I myself use Marpa in Graph::Easy::Marpa and GraphViz2::Marpa, but this is not an article on Marpa in specific.

The Lexer’s Job Description

As I mentioned earlier, the stages conveniently, run in English alphabetical order. First you lex. Then you parse.

Here, I use lexing to mean the comparatively simple (compared to parsing) process of tokenising a stream of text, which means chopping that input stream into discrete tokens and identifying the type of each. The output is a new stream, this time of stand-alone tokens. (Lexing is comparatively simpler than parsing.)

Lexing does nothing more than identify tokens. Questions about the meanings of those tokens or their acceptable order or anything else are matters for the parser. The lexer will say: I have found another token and have identified it as being of some type T. Hence, for each recognized token, the lexer will produce two items:

  • The type of the token
  • The value of the token

Because the lexing process happens repeatedly, the lexer will produce an output of an array of token elements, with each element needing at least these two components: type and value.

In practice, I prefer to represent these elements as a hashref:

                count => $integer, # 1 .. N.
                name  => '',       # Unused.
                type  => $string,  # The type of the token.
                value => $value,   # The value from the input stream.

… with the array managed by an object of type Set::Tiny. The latter module has many nice methods, making it very suitable for such work. Up until recently I used Set::Array, which I did not write but which I do now maintain. However, insights from a recent report of mine, Set-handling modules, comparing a range of similar modules, has convinced me to switch to Set::Tiny. For an application which might best store its output in a tree, the Perl module Tree::DAG_Node is superb.

The count field, apparently redundant, is sometimes useful in the clean-up phase of the lexer, which may need to combine tokens unnecessarily split by the regexps used in lexing. Also, it is available to the parser if needed, so I always include it in the hashref.

The name field really is unused, but gives people who fork or sub-class my code a place to work with their own requirements, without worrying that their edits will affect the fundamental code.

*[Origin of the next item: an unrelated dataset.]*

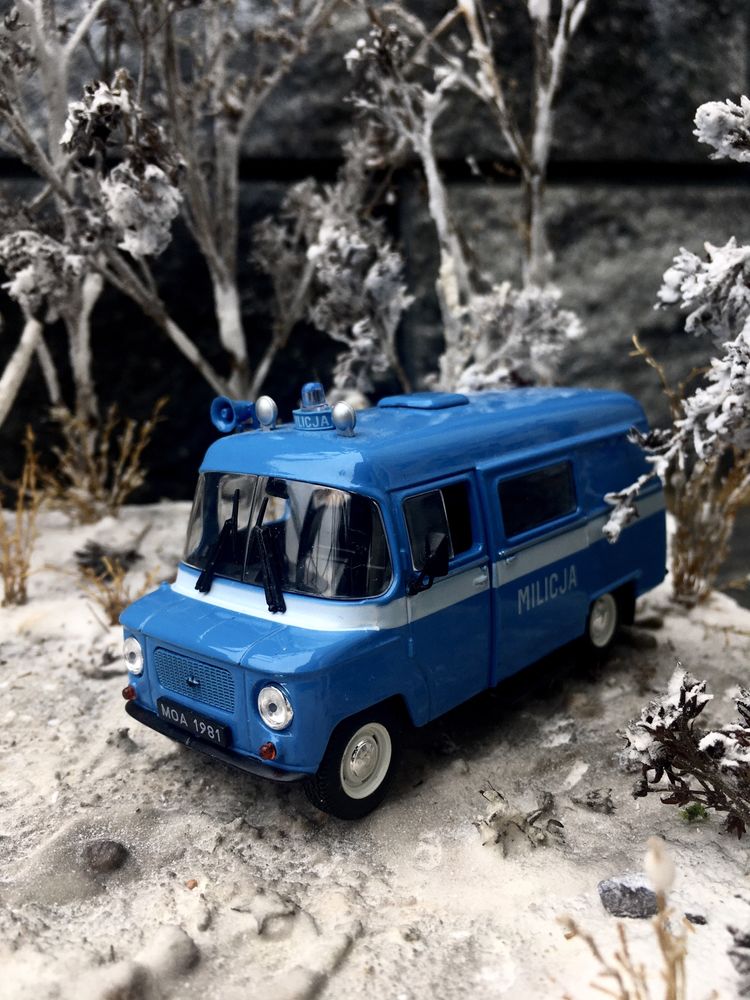 Diorama/podstawka/makieta na modele - auta,modele PRL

The Parser’s Job Description

The parser concerns itself with the context in which each token appears, which is a way of saying it cares about whether or not the sequence and combination of tokens actually detected fits the expected grammar.

Ideally, the grammar is provided in BNF Form. This makes it easy to translate into the form acceptable to Marpa. If you have a grammar in another form, your work will probably be more difficult, simply because someone else has not done the hard work of formalizing the grammar.

That’s a parser. What’s a grammar?

Grammars and Sub-grammars

I showed an example grammar earlier, for the DOT format. How does a normal person understand a block of text written in BNF? Training helps. Besides that, I’ve gleaned a few things from practical experience. To us beginners eventually comes the realization that grammars, no matter how formally defined, contain within them two sub-grammars:

Sub-grammar #1

One sub-grammar specifies what a token looks like, meaning the range of forms it can assume in the input stream. If the lexer detects an incomprehensible candidate, the lexer can generate an error, or it can activate a strategy called Ruby Slippers (no relation to the Ruby programming language). This technique was named by Jeffrey Kegler, the author of Marpa.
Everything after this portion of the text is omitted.